By Ann Finkbeiner | September 14, 2010 | 6 Comments
In 2007, the Galaxy Zooites — 100,000 housewives, high school students, helicopter pilots, physicians, school teachers, truck drivers, secretaries, and a mobile home park manager from all over the world – got together on the internet under the guidance of some astronomers and classified galaxies. Galaxies tend to be either spirals or ellipticals, computers are lousy at identifying shapes, humans are superb at it. So the Zooites look at a picture of a galaxy, click “spiral,” next picture, click “elliptical,” and so on for a gazillion galaxies. Toward the end of the year, one Zooite posted to the forum a picture of small, round, green galaxy. Round or elliptical galaxies are huge and almost always reddish. Spiral galaxies are less huge but still large and almost always bluish. Galaxies that are small are almost never round and certainly not green.
By July, 2008, the Zooites had found enough of these galaxies they were now calling Green Peas – their slogan, Give Peas a Chance! – that astronomers were getting seriously interested. So astronomers did what they always do with a new project, they gave it to a graduate student, this one named Carie. Carie asked the Zooites to do a systematic search for very green, compact galaxies with a big bright OIII line in the r-band of the spectrum – mind you, Carie’s talking to housewives here but the housewives have, after time on Galaxy Zoo, given themselves a serious astronomical education and are expert with OIII lines. When they’d found 251 Green Peas, Carie and others published a scientific paper: Peas were a hundredth the size of the Milky Way — a normal galaxy — and forming stars ten times faster.

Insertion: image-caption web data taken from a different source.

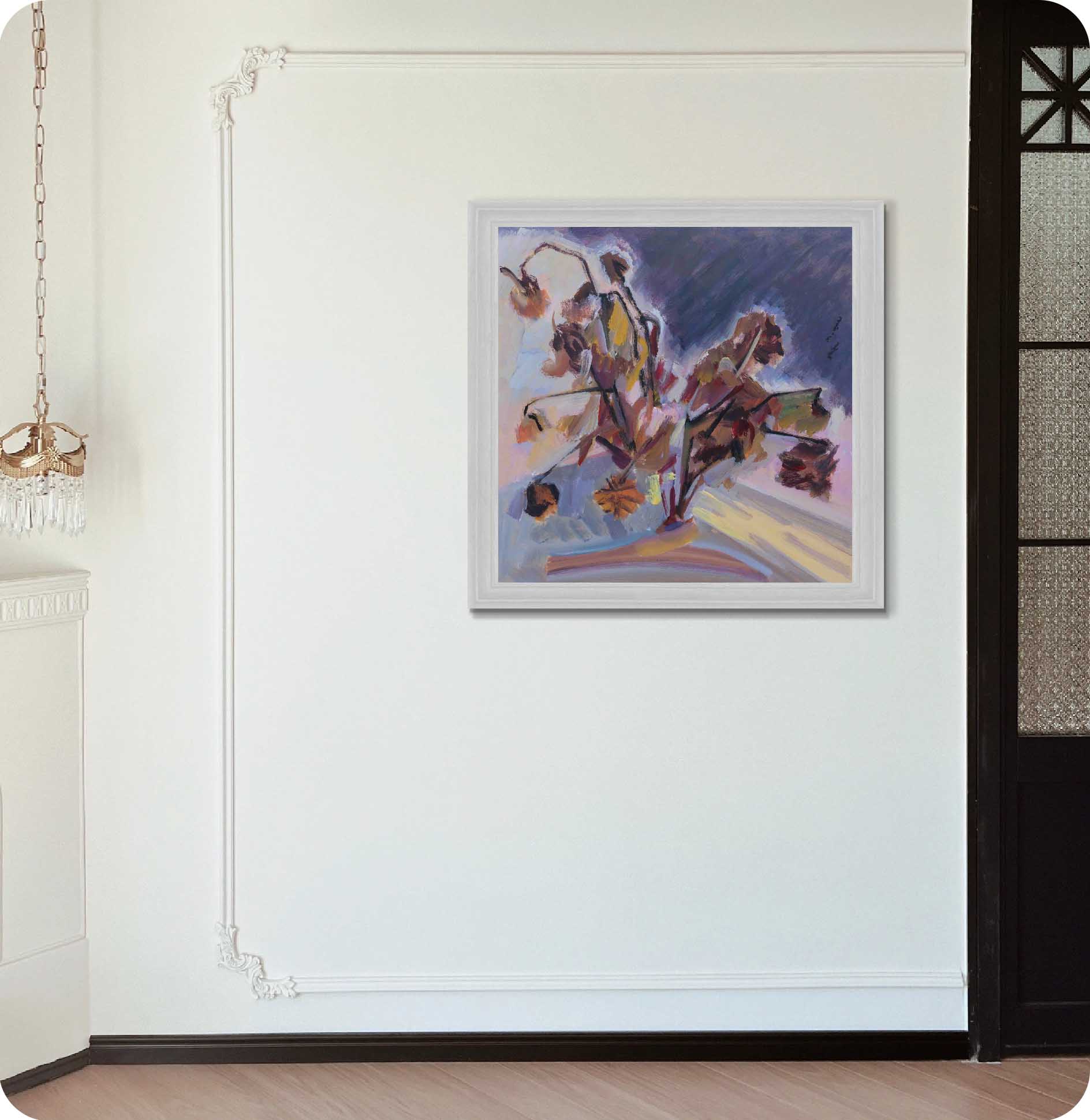 Withered flowers acrylic painting in wall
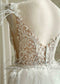 Boho A-Line Wedding Dress with Floral Appliques and Feather-Adorned Straps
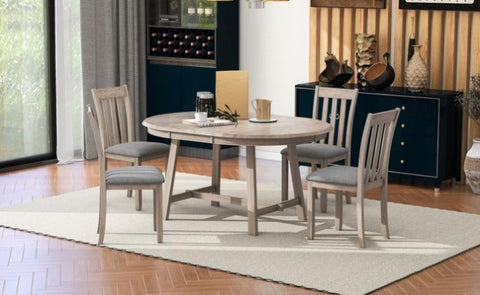 ZUN 5-Piece Wood Dining Table Round Extendable Dining Table with 4 Dining Chairs, Dining Room Table 52113477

Then some other astronomers got interested in the Peas – Green Peas is now the official astronomical name – and found they were metal-poor, meaning that they’re made only of the two elements the universe began with, hydrogen and helium. That’s odd because normal galaxies at the Peas’ distances are full of elements like carbon and iron and nickel that were made in stars as the universe got older. So Carie got time on a giant radio telescope to look at the Peas in more detail, because she thinks the Green Peas look like some of the first galaxies formed, very far away, very far back when the universe was still young. These baby galaxies, called Lyman Break Galaxies, are effectively too far away to study. Carie thinks studying the Green Peas might help understand the Lyman Breaks and therefore the history of the universe. She explained all this in a blog to the Zooites. Zooite Rick wrote back, “Beyond awesome! Best of luck!”
Amazing how astronomy gets done these days, and by whom.